__TASK DESCRIPTION__
Exactly the lines from the line containing "st-homepage-snaggletooth-3743-1500.jpg" through the final line of the entries below must be returned, and only those, without pictures.

__EXERCISE INPUT__
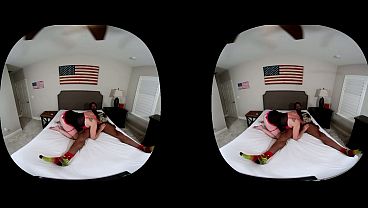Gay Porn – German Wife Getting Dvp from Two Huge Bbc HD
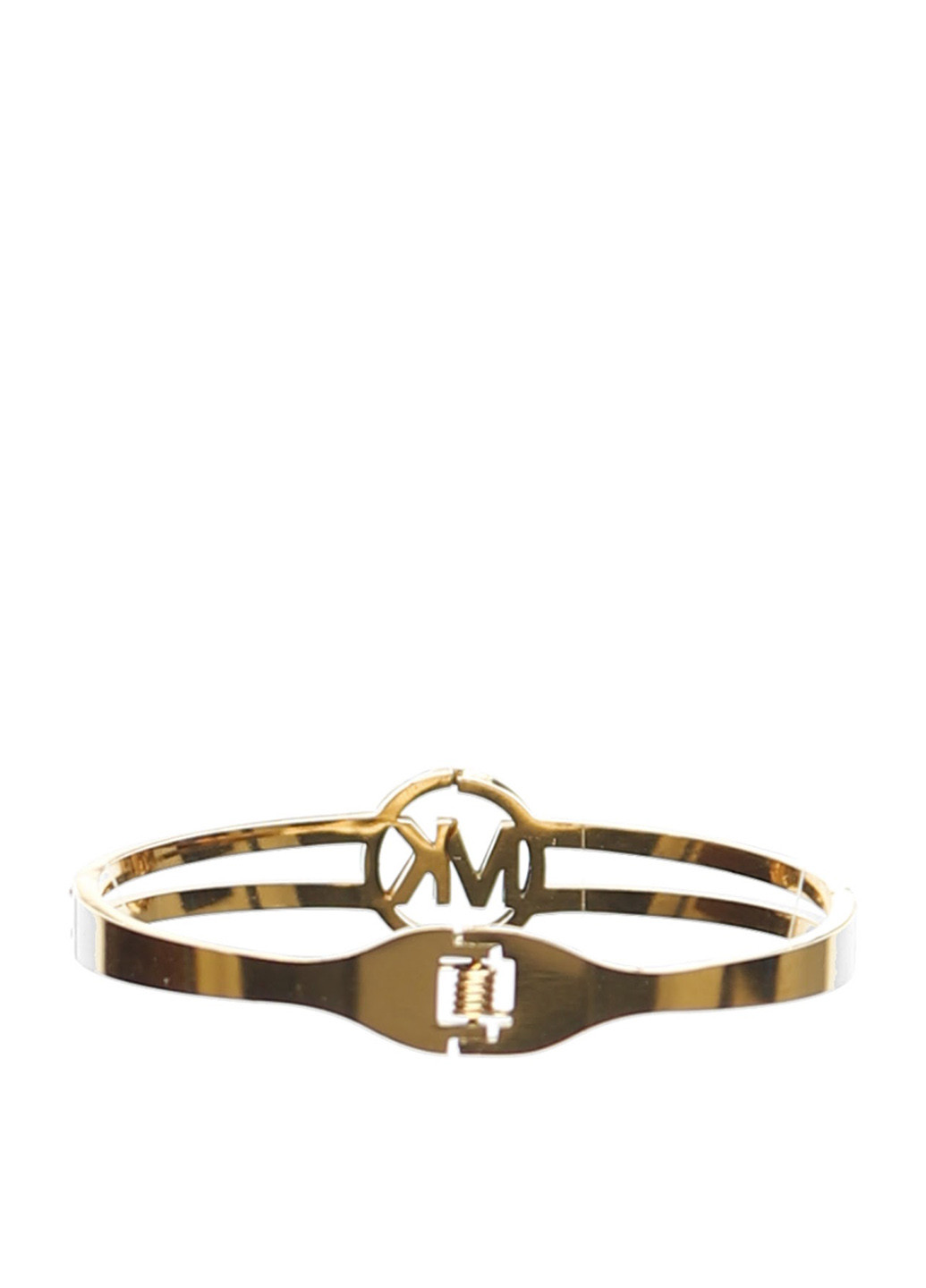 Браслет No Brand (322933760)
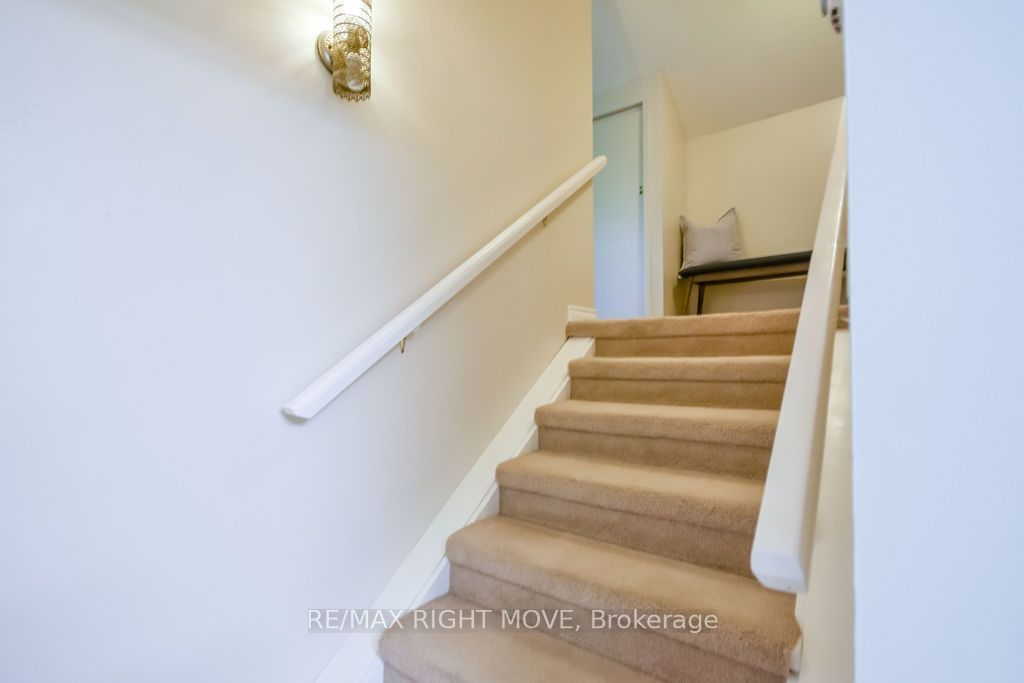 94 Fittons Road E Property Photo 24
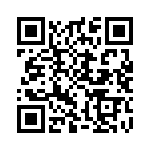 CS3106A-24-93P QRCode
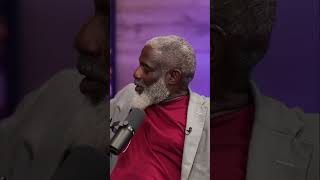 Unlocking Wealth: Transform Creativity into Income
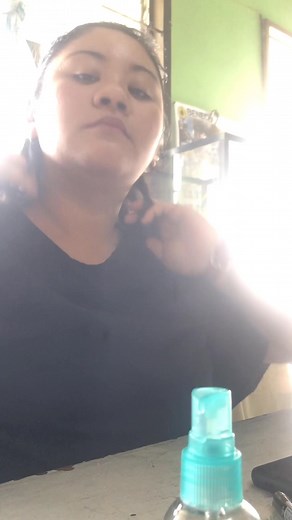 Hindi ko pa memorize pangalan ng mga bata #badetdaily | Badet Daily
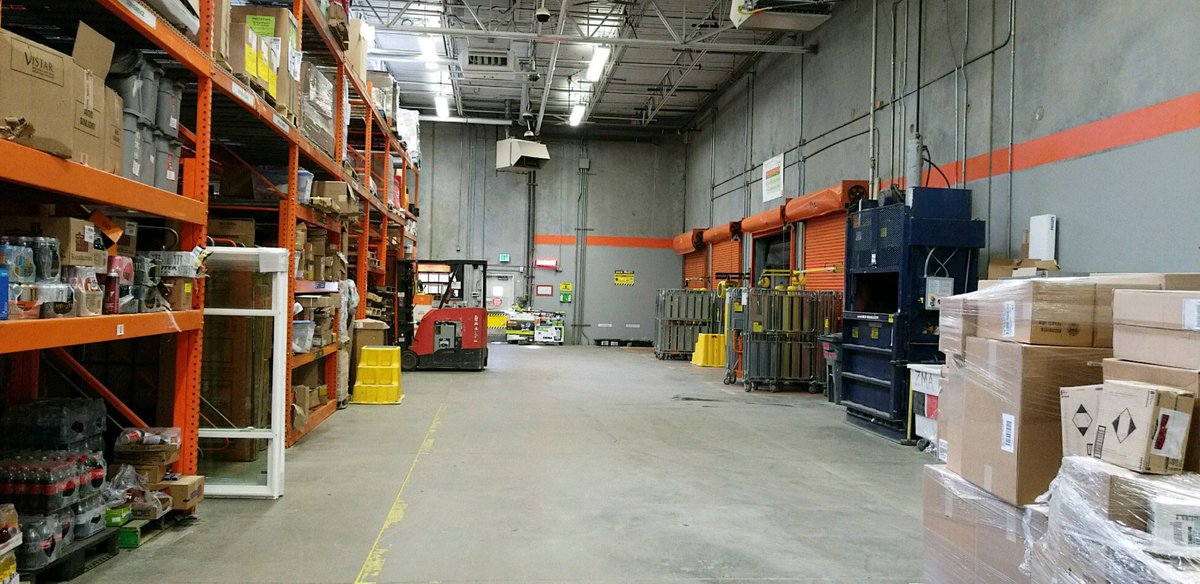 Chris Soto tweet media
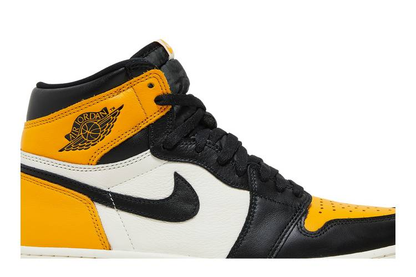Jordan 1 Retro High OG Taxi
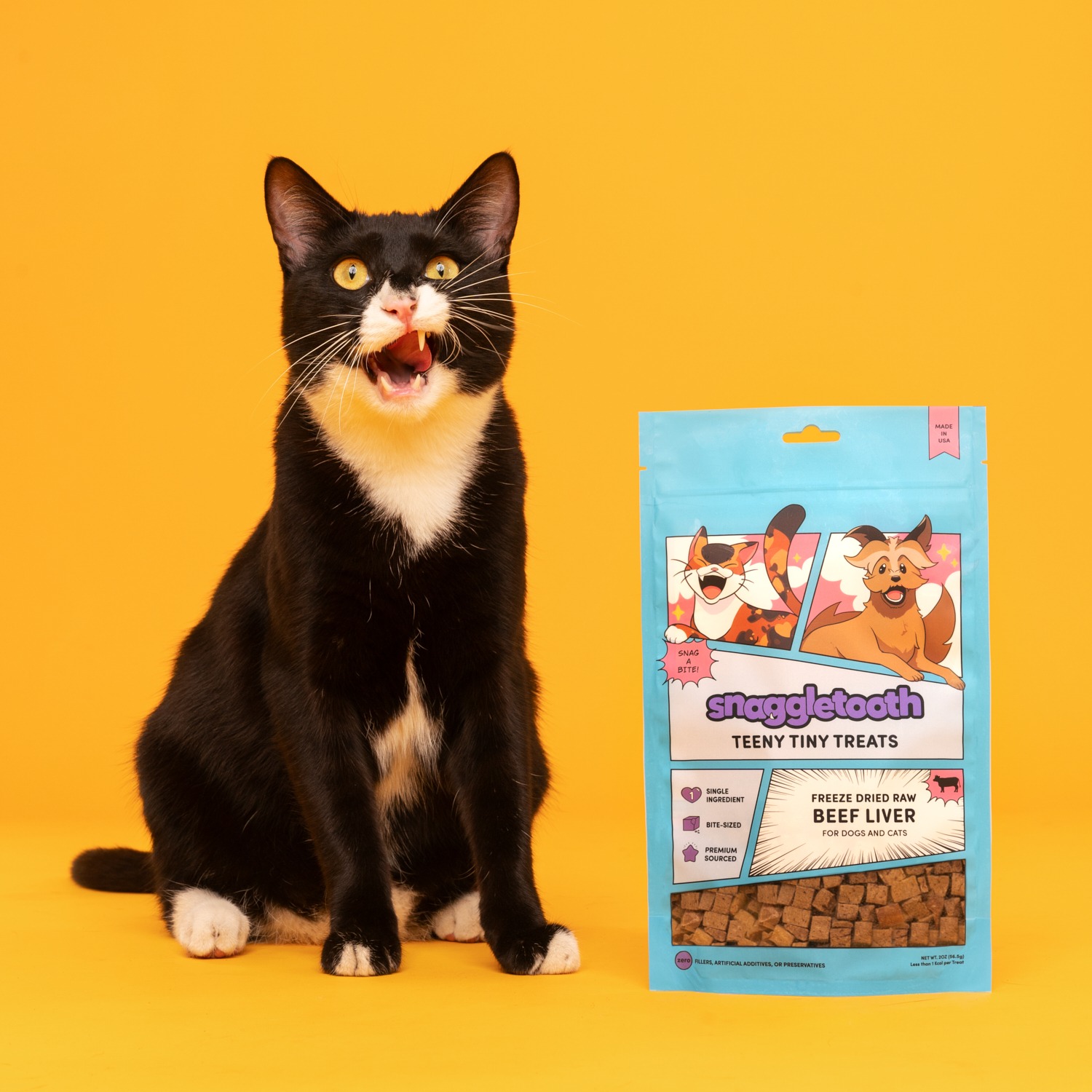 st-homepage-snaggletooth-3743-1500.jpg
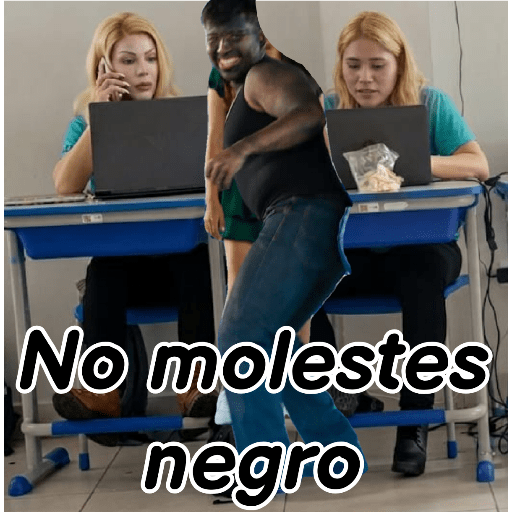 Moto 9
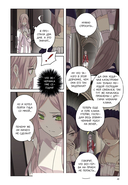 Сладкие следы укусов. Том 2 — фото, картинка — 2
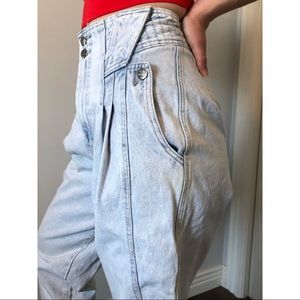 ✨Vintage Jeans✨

__OUTPUT OF THE EXERCISE__
 st-homepage-snaggletooth-3743-1500.jpg
 Moto 9
 Сладкие следы укусов. Том 2 — фото, картинка — 2
 ✨Vintage Jeans✨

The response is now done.